What you see is a circle of relationships. Each character is a circle within the circle, and the frequency of a character’s appearance dictates its size. Families are grouped together. And as death draws near to a character, their circle grows darker. To appreciate the story in full, go to the visualization, highlight each of five books, and press play. Quickly, you’ll see the circles grow like mitosis gone mad.
Now, there was only one way Curkier could possibly build this visualization: He had to cheat.
“I’ve counted slightly over 2,000 distinct, named characters in the books, and the visualization shows only 300 or so,” he tells me. “I only kept those who appeared in at least five chapters or who have been killed by another named character.”
Before the visualization could begin, Cukier had to map the actions of all these characters. He thought a few quick scripts could chart their appearances, but Martin is notorious for calling his characters by aliases. Curkier found 11 different characters called “Pate” and discovered 23 Jons (22 of whom were not Jon Snow). The only solution was to turn to fan sites and rip the data collected by a small army of GoT fanatics--the mechanical turk of the geek-o-sphere--and work that data into his own code.
When you press play on the visualization, all five books are fired at you in just over 90 seconds. It’s an all-out assault to your attention, and frankly, this quick summary is every bit as impossible to follow as Martin’s long version told over two decades. But even in this visual overkill, we can see something new in the series.
“Now the pace at which [events] appear is a bit frantic, but it gives an indication of when things happen,” Cukier explains. “In the books, tension builds for quite some time, then all of a sudden many characters will be killed.”

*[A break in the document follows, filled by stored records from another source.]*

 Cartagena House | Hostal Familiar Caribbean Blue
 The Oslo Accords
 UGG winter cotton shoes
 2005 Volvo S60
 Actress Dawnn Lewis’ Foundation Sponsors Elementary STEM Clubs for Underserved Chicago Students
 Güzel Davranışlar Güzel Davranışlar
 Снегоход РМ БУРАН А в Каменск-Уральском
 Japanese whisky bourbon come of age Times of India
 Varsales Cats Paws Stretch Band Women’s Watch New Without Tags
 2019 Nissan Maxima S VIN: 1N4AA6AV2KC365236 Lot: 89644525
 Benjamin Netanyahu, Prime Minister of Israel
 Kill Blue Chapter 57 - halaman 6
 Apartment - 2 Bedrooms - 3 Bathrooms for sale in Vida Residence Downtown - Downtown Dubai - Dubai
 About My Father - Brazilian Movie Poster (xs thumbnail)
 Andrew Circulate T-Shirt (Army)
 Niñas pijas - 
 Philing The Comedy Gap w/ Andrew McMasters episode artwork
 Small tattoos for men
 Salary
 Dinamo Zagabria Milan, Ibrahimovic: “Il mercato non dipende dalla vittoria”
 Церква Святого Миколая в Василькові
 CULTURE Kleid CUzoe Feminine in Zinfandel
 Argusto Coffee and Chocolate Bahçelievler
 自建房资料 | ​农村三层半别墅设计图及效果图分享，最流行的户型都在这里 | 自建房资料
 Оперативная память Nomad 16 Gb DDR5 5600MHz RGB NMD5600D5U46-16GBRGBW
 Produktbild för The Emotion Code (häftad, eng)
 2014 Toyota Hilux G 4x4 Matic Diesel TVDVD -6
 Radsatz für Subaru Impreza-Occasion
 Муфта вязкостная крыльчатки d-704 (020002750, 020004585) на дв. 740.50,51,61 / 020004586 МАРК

He also discovered that, however things may look inside the text, the story--at the character level--is still mostly a conflict between the Starks and the Lannisters, albeit with many other factions watching. Cukier also pointed out that, with maybe one very massive exception (I’m not spoiling anything!), the houses don’t generally murder from within. So in a sense, the brutal fantasy world of GoT is actually a lot more humane than real life.
“Westeros ruling families are really loving and close-knit!” he says. “In European history, princes would remorselessly murder their kin to advance in the line of succession, but that’s not how the Game of Thrones play.”